Technical information
- Licensing authority: FCC
- Facility ID: 27504
- ERP: 265 kW
- HAAT: 711 m (2,333 ft)
- Transmitter coordinates: 36°25′53″N 82°8′15″W﻿ / ﻿36.43139°N 82.13750°W
- Translator(s): WOPI-CD 9; WKPT-CD 22; WAPW-CD 21;

Links
- Public license information: Public file; LMS;
- Website: wkpttv.com

= WKPT-TV =

Television station in Kingsport, Tennessee

WKPT-TV (channel 19) is a television station licensed to Kingsport, Tennessee, United States, serving the Tri-Cities area as an affiliate of Cozi TV. It is owned by Glenwood Communications Corporation alongside low-power Class A MeTV affiliate WAPK-CD (channel 36) and several radio stations, including WKPT (1400 AM). All of the outlets share studios on Commerce Street in downtown Kingsport; WKPT-TV's transmitter is located on Holston Mountain in the Cherokee National Forest.

==History==
===As an ABC affiliate===

WKPT's final logo under ABC affiliation from 2013 until January 2016.

WKPT-TV began broadcasting on August 20, 1969, as the Tri-Cities' exclusive ABC affiliate. Previously, the network had been shared between NBC affiliate WCYB-TV (channel 5) and CBS affiliate WJHL-TV (channel 11), each of which picked its own ABC programs to air. However, many viewers in the area could view the entire ABC schedule on nearby WLOS in Asheville, North Carolina. Before WKPT signed on, WLOS included the Tri-Cities as part of its primary coverage area as it was widely available over the air (from a transmitter on Mount Pisgah that provided city-grade picture quality) and on cable.
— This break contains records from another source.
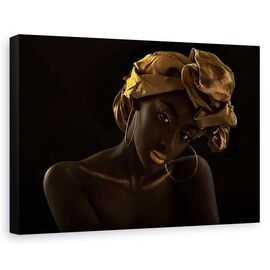 Tablou canvas - Portret, Auriu, Femeie, Cercei - - Roveli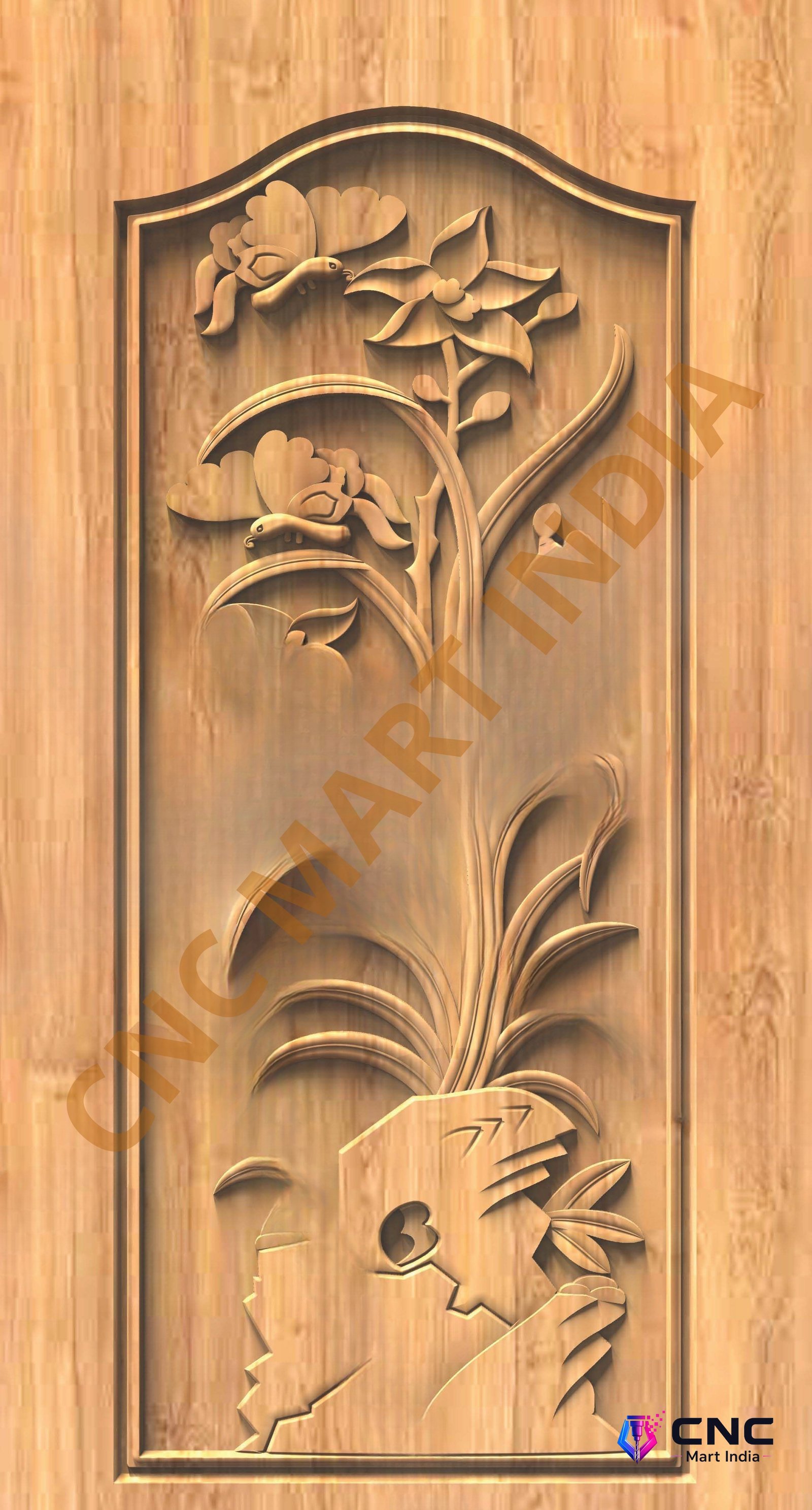 GSK EMBOSSING - EMD-26 Floral Butterfly Nature Carved Wooden Door 3D Model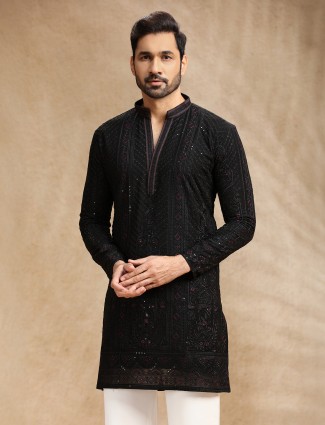 Black soft georgette embroidered kurta pajama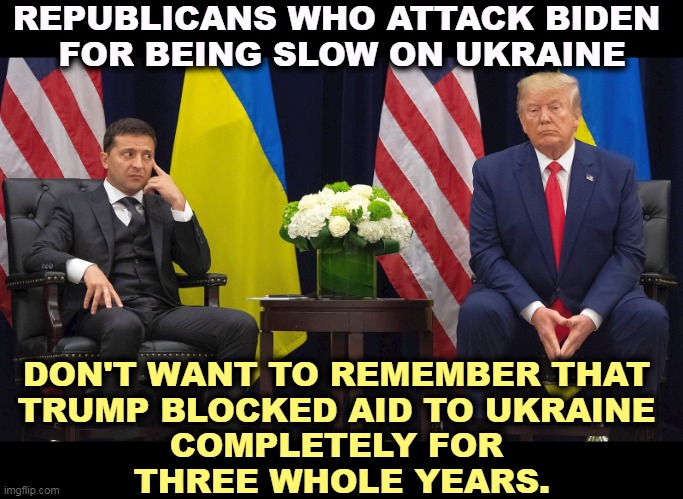 The usual Republican selective amnesia. | REPUBLICANS WHO ATTACK BIDEN 
FOR BEING SLOW ON UKRAINE; DON'T WANT TO REMEMBER THAT 

TRUMP BLOCKED AID TO UKRAINE 
COMPLETELY FOR 
THREE WHOLE YEARS. | image tagged in zelensky and trump who denied ukraine military aid,biden,smart,trump,republicans,dumb and dumber | made w/ Imgflip meme maker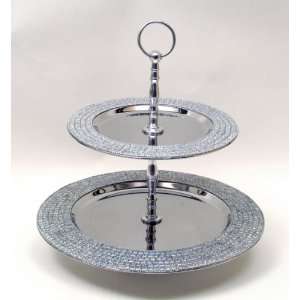   Tier Stainless Steel Dessert Tray with Silver Sequins 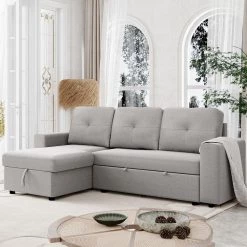 90 in. Reversible Pull Out Full Size Sleeper Sofa Bed L-Shaped Sectional Corner Sofa with Storage Chaise by Magic Home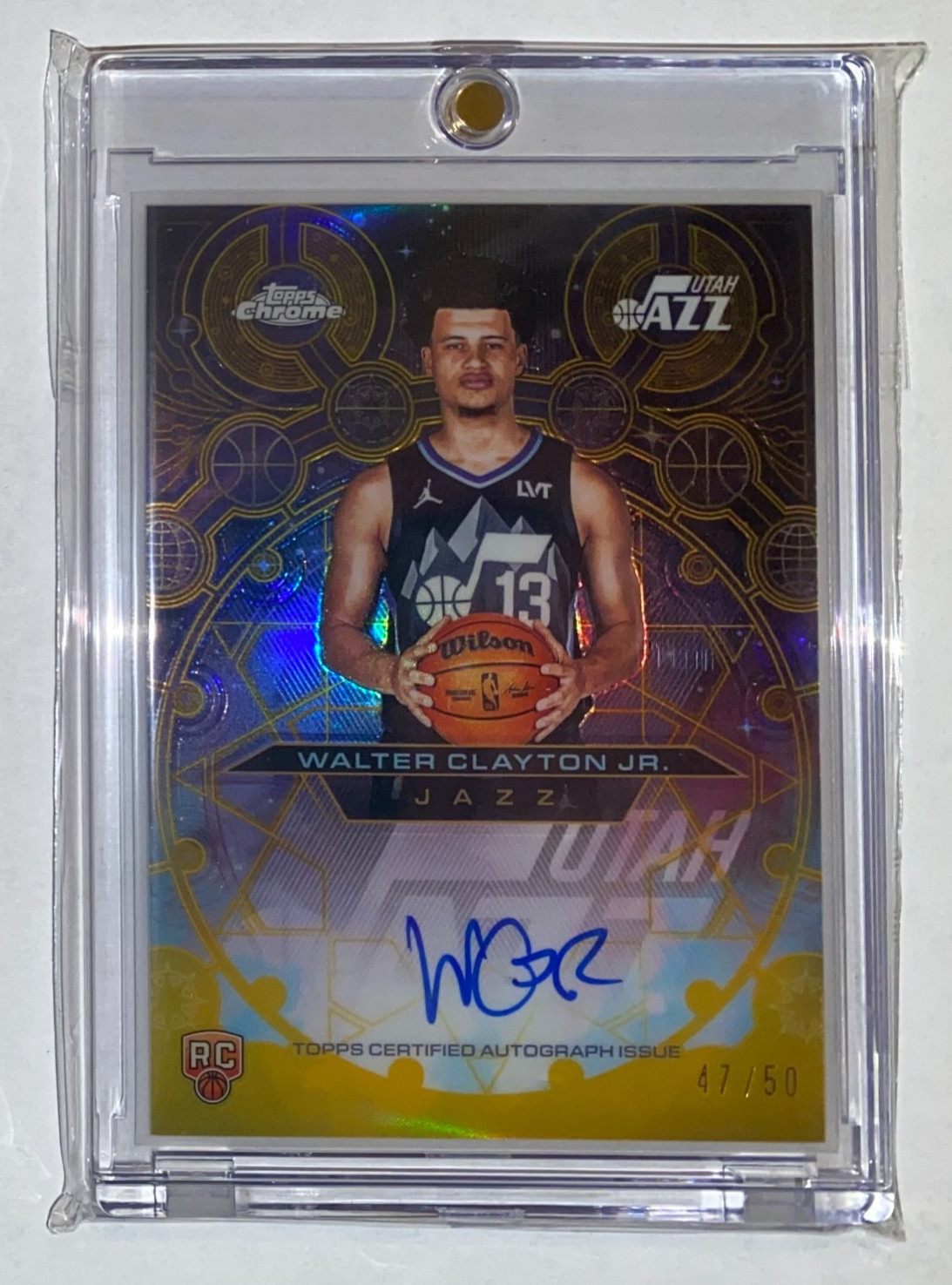 2025 Topps Chrome Walter Clayton Jr Rookie RC Auto Chromographs Gold 47/50  Jazz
WKPT has three historical distinctions. First, it is the oldest UHF television station in Tennessee to have maintained continuous operation on the UHF band to the present. Second, it is the second-oldest station in Tennessee to have had the same licensee from its inaugural date to the present. WBBJ-TV in Jackson is the oldest but only after it was sold to Bahakel Communications. Third, for years it was the only locally owned and operated full-power station in the Tri-Cities. However, that fact was merely by default. Because the antenna heights of its two VHF rivals, WJHL and WCYB, extend beyond the 2000 ft above-average terrain full power ceiling height mandated by the Federal Communications Commission (FCC), those two could not operate at their full power capacities. WCYB radiated 65,000 watts ERP analog visual while WJHL radiated 245,000 watts ERP analog visual.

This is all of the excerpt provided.